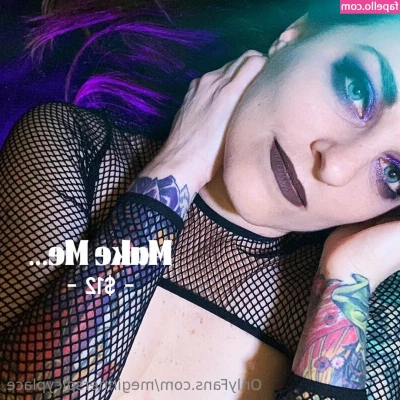 meginherspicyplace - Waiting something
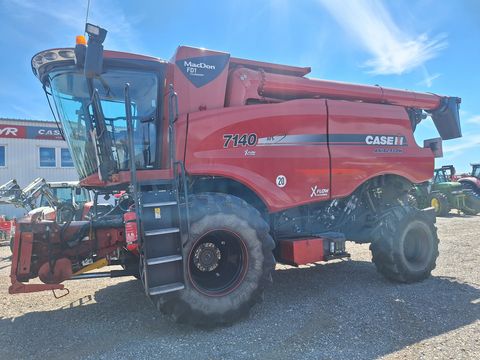 Case IH Axial-Flow 7140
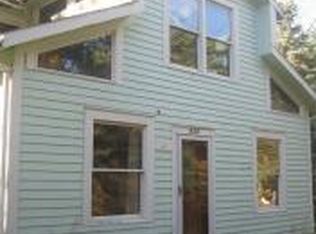 938 Joslyn Rd, Lake Orion, MI 48362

→ **Exercise goal**: An exact copy of all the data above is required; omit any pictures.

→ **Problem solution**:
 meginherspicyplace - Waiting something
 Case IH Axial-Flow 7140
 938 Joslyn Rd, Lake Orion, MI 48362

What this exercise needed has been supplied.